In information theory, preplexity is a measurement that predicts how well a probability distribution or a probability model predicts a sample. It may be used to compare probability models.

A low Perplexity indicate that the model is good at predicting a sample.

Execution and Output Analysis¶

Perplexity is the probability of the current label (word), passed through a log function, negated, and exponentiated (e^x). Perplexity measures the difference between two probability distributions. It is high when two probability distributions doesn't match, and low (approaching 1) when the two distributions are close to each other. However, this metric hardly tells us what's going on in the weights.

Perplexity has faced some critisicm over the years (particularly in the language modeling community) for being overused as a metric.

Let's look a little more closely at the predictions:

In [55]:

sent_index = 4
l, _ = predict(sent2indices(sentences[sent_index]))
print(sentences[sent_index])

['sandra', 'moved', 'to', 'the', 'garden.']

In [57]:

for i, each_layer in enumerate(l[1:-1]):
    input = sentences[sent_index][i]
    true = sentences[sent_index][i+1]
    pred = vocab[each_layer['pred'].argmax()]
    print("Prev Input:" + input + (' ' * (12 - len(input))) + "True: " + true + (' ' * (15 - len(true))) + "Pred: " + pred)
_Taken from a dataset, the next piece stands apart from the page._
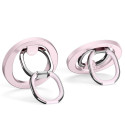 ESR Halolock MagSafe ring stand for the phone - pink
Prev Input:sandra      True: moved          Pred: is
Prev Input:moved       True: to             Pred: to
Prev Input:to          True: the            Pred: the
Prev Input:the         True: garden.        Pred: bedroom.

This code takes a sentence and predicts the word the model think is most likely.

Looking at predictions can help us understand what's going on¶

We can look at the predictions of the neural network as it trains to understand not only what kind of patterns it picks up, but also in the order in which it does so. Neural Networks tend to start off random, but after some amount of training, the NN picks up the most frequent word and predicts it as a default (this is an extremely common error in RNNs).

It's important to know that there is almost no way this network can predict the next word perfectly. More context is needed to solve this task, but the fact that it's unsolvable, creates educational analysis for the ways in which it fails.

Summary¶

RNNs Predict over arbitrary Length Sequences¶

In this chapter, we learned how to create vector representations of arbitrary long sentences.

One question remains: How does a neural network fit a variable length sequence into a fixed size vector? The truth is, sentence vectors don't encode everything in their vector. The name of the game in RNNs is not just what these vectors remember, but also what they forget.

In the case of predicting the next word, RNNs learn that only the last few words matter.